Schöne Vergleichs-Untersuchung, mit der es in den Parallelen des zweiten Quartetts ins Konkrete übergeht. Auch das ist (sonst) gefährlich: Tugend- und Laster-Kataloge mit dem Ziel eines endgültigen Wertes, sei er "das Gute" oder "das Böse" an und für sich. Das geht (auch sonst) nur mit Selbstbezüglichkeit des lyrischen Ichs gut.
Schön auch, wie die letzte Klausel diese Selbstreferenz in ein Paradoxon faßt, vergleichbar dem der ersten Zeile, aber nicht so übergroß wie "Welt" und "Zeit" oben, sondern direkt beim reflektierten Ich. Und im gleichen Reim ausklingend.

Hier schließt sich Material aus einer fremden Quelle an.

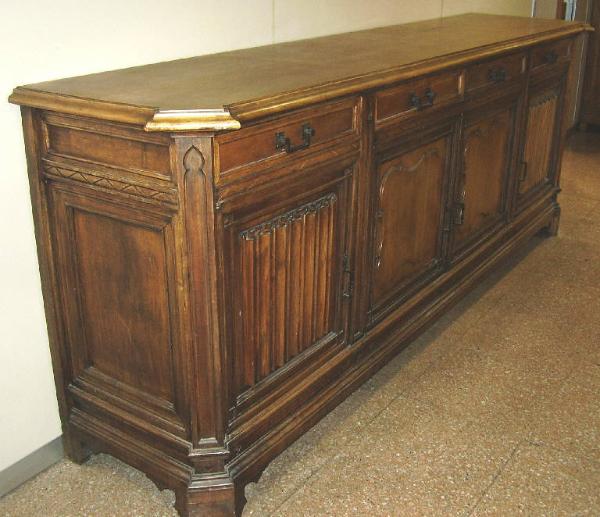 Credenza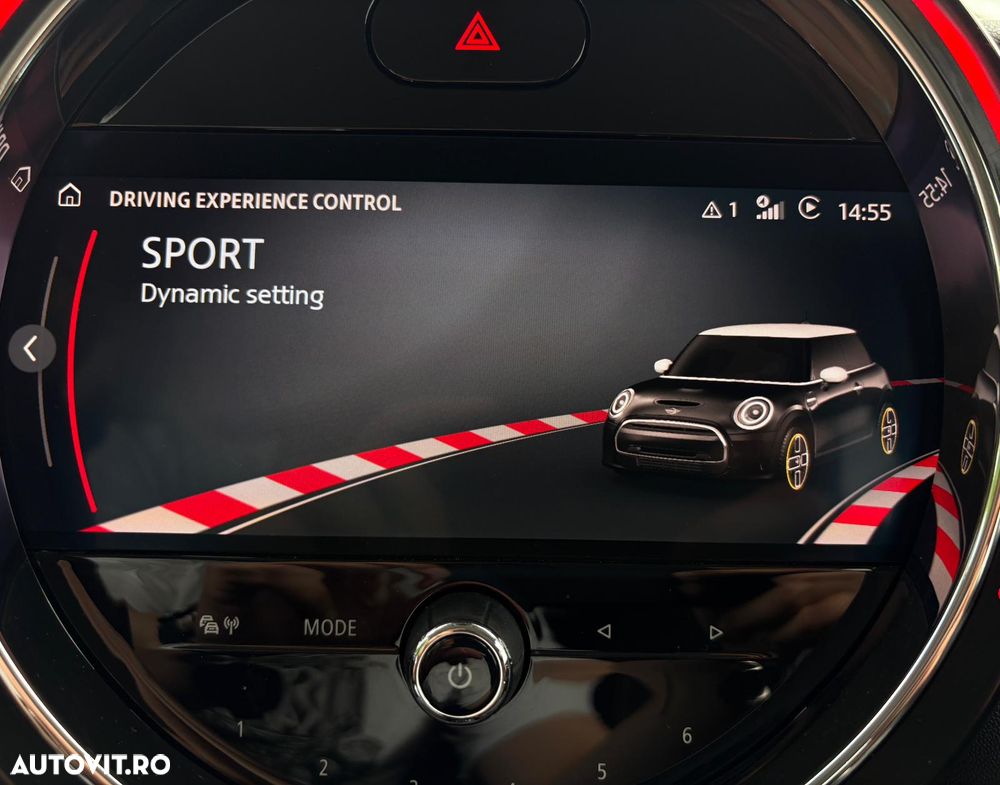 Mini Cooper SE Essential Trim - 11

Ein Meisterstück, in meiner (nicht unbedingt maßgeblichen) Sicht, das sage ich als mit 'Welt" und "Zeit" leicht übersättigter Fachphilosoph, siehe: http://12koerbe.de/hansz/1900lieb.htm#1824.

grusz, hansz
lb Hansz,
an andere stelle wurde vom politischen gedicht gesprochen. dies ist eines.
es ist erlaubt, so etwas nicht gut und nicht gelungen zu finden. in der tat sind politische gedichte ein gefährliches pflaster, weil sie doppelt um zustimmung wirken: künstlerisch und vom politischen standpunkt hat.
danke fürs lesen, analysieren und deine klugen anmerkungen. es freut immer, wenn man als poet einen leser be- oder sogar anrührt.
lg W.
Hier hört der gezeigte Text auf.